It compared returns from a simple HSBC tracker fund (which follows or 'tracks' the FTSE 100 index of shares) with cash moved each year into a best-buy one-year deposit account with a bank or building society sometimes called a 'one-year bond'. The research assumed dividends were reinvested, and that the cash was reinvested each year along with interest earned. It found:
- Savings accounts beat the total returns on the tracker in 57% of the 192 five-year investment periods beginning each month from 1 January 1995 to the present. The tracker won in just 43% of periods.
- Looking at longer time periods, the results were even more marked. For example, over the 84 14-year periods from 1995, cash beat shares a whopping 96% of the time.
- Looking at a range of investment periods since 1995, from one to 11 years, the analysis found investments in funds that track the FTSE 100 would have actually lost money up to a third of the time. By comparison, there's no risk if you put cash into a savings account you always end up with more than you started with.
However savings accounts didn't win in every scenario. The analysis found that over the whole 21-year period from January 1995 to January 2016, best-buy savings accounts would have produced an average 'annual compound return' (rate of return on your investment) of 5%, while the HSBC tracker fund would have yielded 6%.
But even though over the whole period shares won, this finding is still notable.
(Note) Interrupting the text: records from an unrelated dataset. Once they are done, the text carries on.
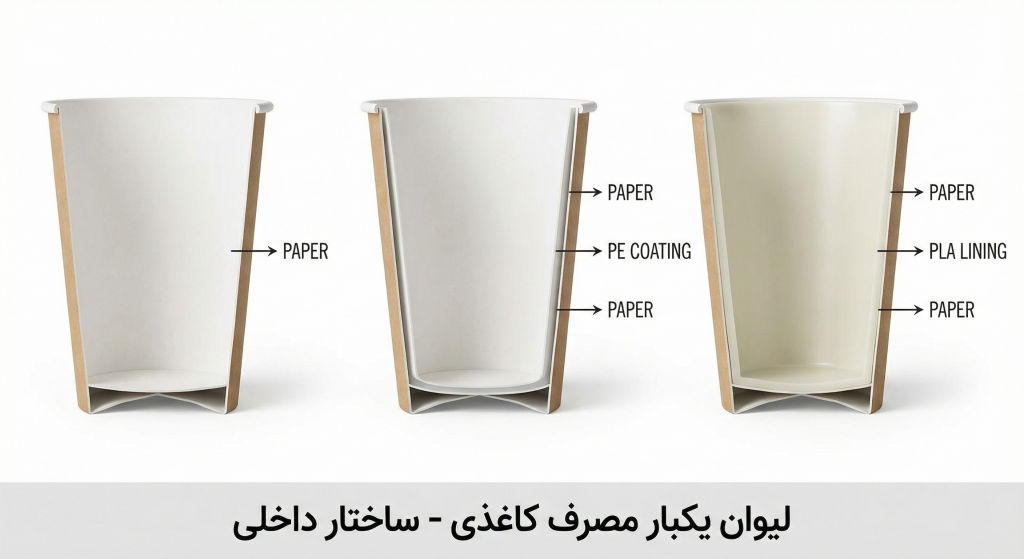 ساختار لایه‌های داخلی لیوان کاغذی تک‌لایه و چندلایه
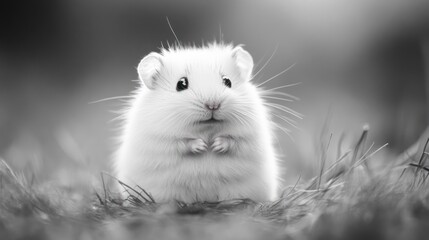 A white hamster sits on a patch of green grass, looking at the camera with a curious expression. The photo is in black and white, highlighting the hamster's soft fur and big, dark eyes.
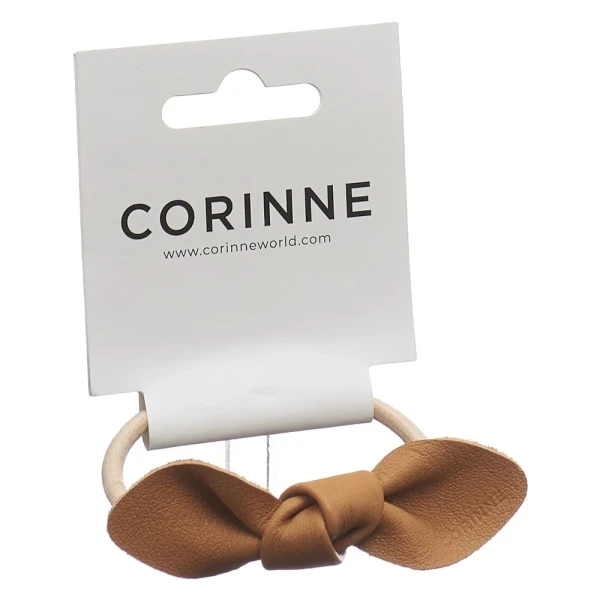 CORINNE Haargummi Leather small Hair camel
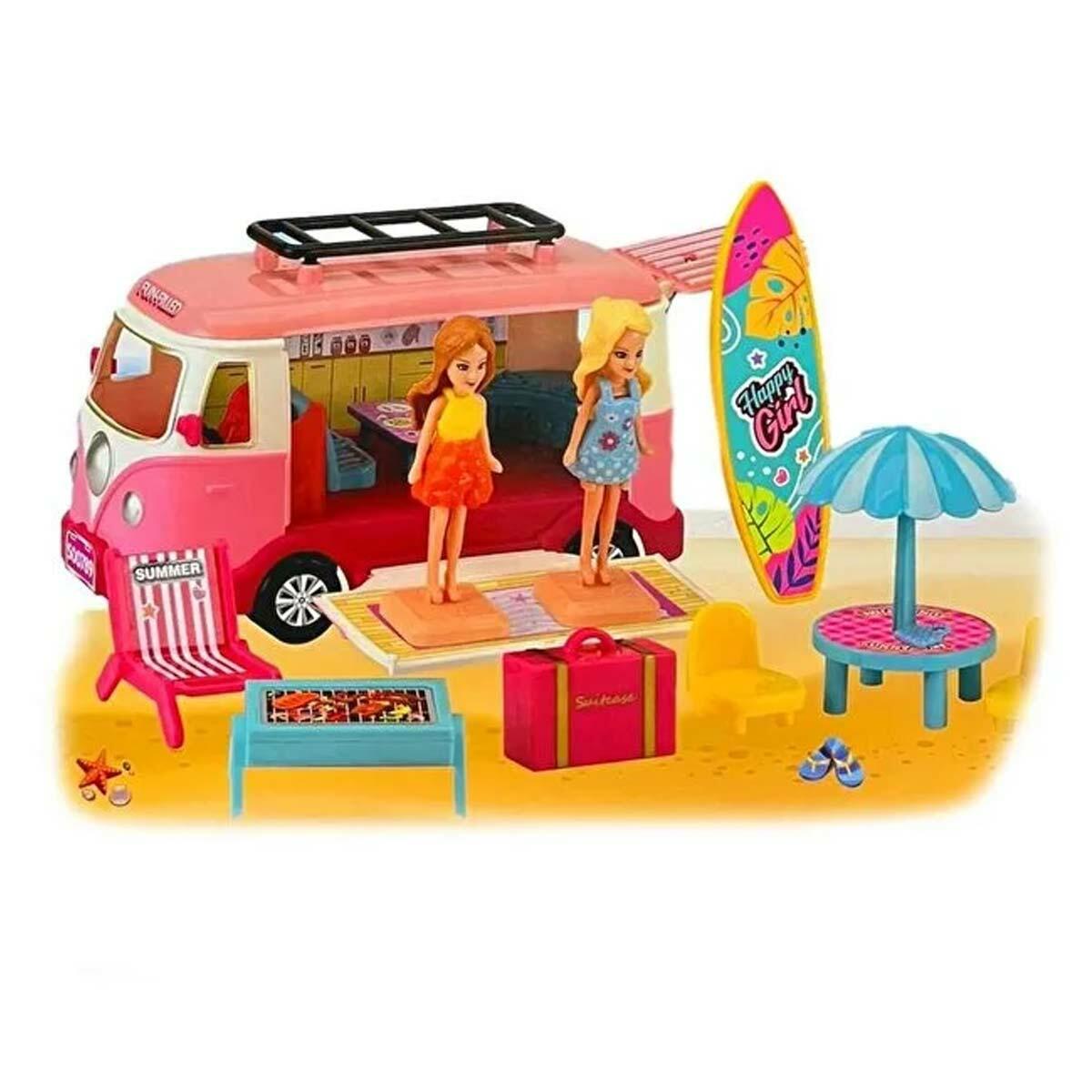 Pencereli Karavanlı Tatil Seti | 2 Figürlü Ve Aksesuarlı Gezi Aracı | Taşınabilir Karavan Oyun Seti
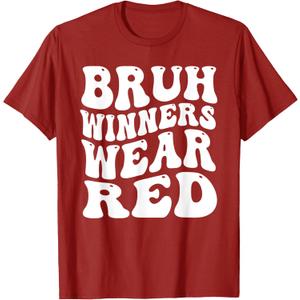 Winners Wear Red Team Spirit Week Game Sports day Groovy T-Shirt, Size Large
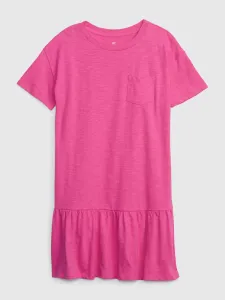 Tmavoružové dievčenské bavlnené šaty s volánom GAP #6326941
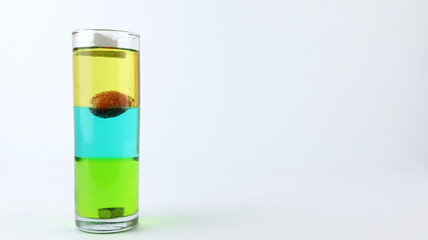 Liquid or layer density experiment using 3 separate layers consisting of syrup, water and olive oil on the top layer.  There are objects used for testing such as metal, strawberry and styrofoam.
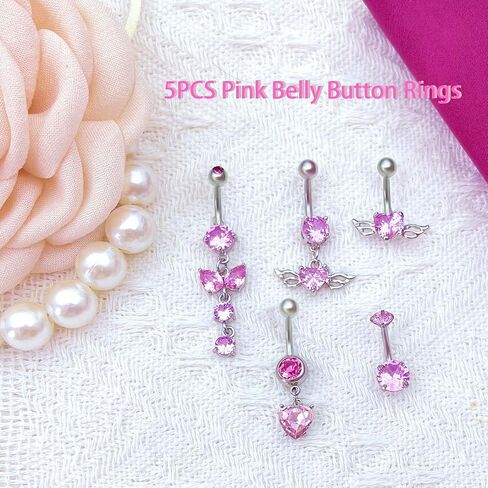 5PCS Belly Button Ring Cute Pink/Gold Belly Button Piercing Dangle Pink CZ Heart Butterfly Navel Belly Rings for Women Belly Button Ring Surgical Steel Belly Piercing Jewelry in Saudi Arabia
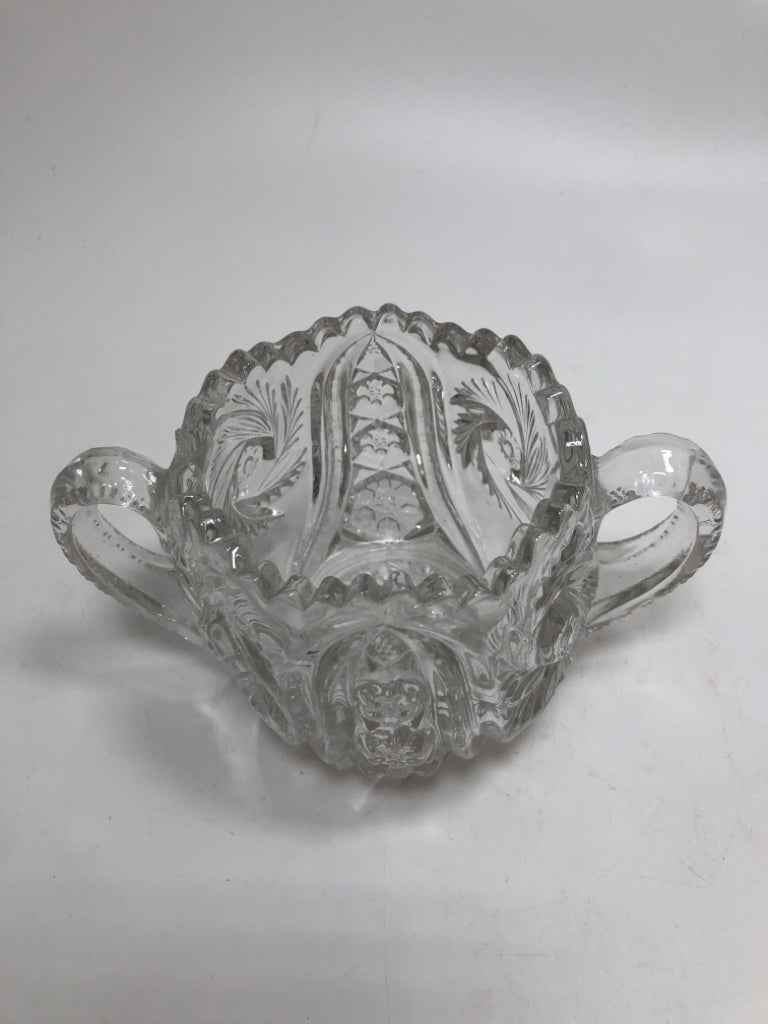 VTG GLASS OPEN SUGAR BOWL.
Normally investors are told a typical 'risk premium' (ie, the extra you're likely to earn for 'risking' an investment in a tracker rather than putting your cash in the bank) is between 3% and 8% however, this research suggests it's closer to 1%.
How was the research conducted?
Paul Lewis, who presents Radio 4's Money Box programme, gained access to best-buy cash data dating back to 1995 from the financial information publisher Moneyfacts.
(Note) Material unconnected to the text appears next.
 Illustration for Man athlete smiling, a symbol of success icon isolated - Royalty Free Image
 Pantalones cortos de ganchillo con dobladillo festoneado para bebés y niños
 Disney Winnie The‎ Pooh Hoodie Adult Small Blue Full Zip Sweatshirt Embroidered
He says: "This analysis of the new data shows that people who prefer the safety of cash can make returns that beat those on tracker funds in a majority of time periods.
"It also confirms that the risk of making losses on a shares investment is very real. Over any investment period from one to five years from 1995 to 2015, there was about a one in four chance or greater that the value of the investment would fall. Even over nine or ten years, the chance of losing money was around one in ten. Few advisers know those odds still less inform their clients of them.
"I have long suspected that the merits of cash were underplayed by traditional research which compares poor cash rates with often exaggerated gains on investments in shares."
So should I not bother investing in shares?
Not necessarily. While this research throws new light on the debate, how you save or invest is a personal decision which largely depends on your attitude to risk and if you're less risk-averse, shares may be more up your street.
Lewis's research identified times when shares produced a higher return than cash for example between 1 November 2008 and 1 September 2009 and over the whole 21-year-period shares also came out marginally on top.
However, for investment periods of five years or more, there were 38 starting dates when cash would have always produced a better return, but only 24 starting dates when that was true of shares, which gives some idea of the odds.
Lewis adds: "Cash is not right for everyone in all circumstances. But for a cautious person investing for periods of up to 20 years this research indicates that well managed active cash beats a FTSE 100 tracker more often than not. And unlike a shares investment it can never lose anyone money."